If the mass market consumer, using graphics mostly for games and entertainment purposes, can take advantage of these double-duty chips (as a referenced Anandtech article says they can) then where will be the market for NVIDIA's low-end GPUs?
Says Pfister:
This means the end of the low-end graphics subsidy of high-performance GPGPUs like Nvidia's CUDA. That subsidy is very significant, because the fixed costs of developing any chip family are very large; spreading them out over a high-volume low end makes a major difference, even if the high end has substantial revenue. So prices will rise, since GPGPUs will no longer have a huge price advantage over purpose-built HPC gear. How much will they rise? It's very hard to say, but I have one somewhat wobbly data point saying that the difference will be substantial.

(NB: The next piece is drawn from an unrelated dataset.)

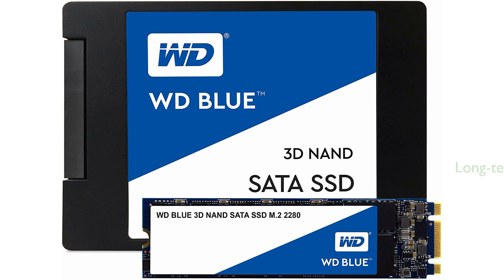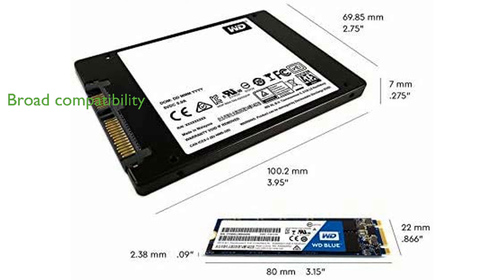Boasting an impressive mean time to failure of 1.75 million hours and up to 500 TB written, the SSD is built for long-term durability and reliability. The WD Blue 2TB M.2 SSD is certified by WD FIT Lab, ensuring broad compatibility with a wide range of computers, making it a versatile choice for various systems.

The "wobbly data point" is arrived at by comparing a PS3 (mass market subsidized through volume and games) versus a custom built IBM HPC appliance, and extrapolating a 10 to 1 cost differential. Guess which one's cheaper?
Even if the HPC market is growing as data suggests, Pfister notes that high-end GPU revenue is no match for the dollars generated by the demand for GPUs at the consumer level.
It may seem a stretch, but one way to still tap at least some of that mass market would be for NVIDIA to come up with their own integrated graphics processor. In fact, they already have, as noted in a recent HPCwire blog. NVIDIA's Tegra line of processors, designed for mobile devices, has a heterogenous architecture including the low-power ARM processor and the GeForce GPU. Who's to say NVIDIA isn't planning another heterogenous processor using the CUDA-class chip with ARM CPUs? They could also choose to co-opt a higher-end CPU by teaming with another chipmaker. Or NVIDIA could even start designing its own x86 processor and then with that create an integrated graphics chip worthy of a gaming-class desktop or a Blue-Ray-capable notebook media machine. "NVIDIA-inside" anyone?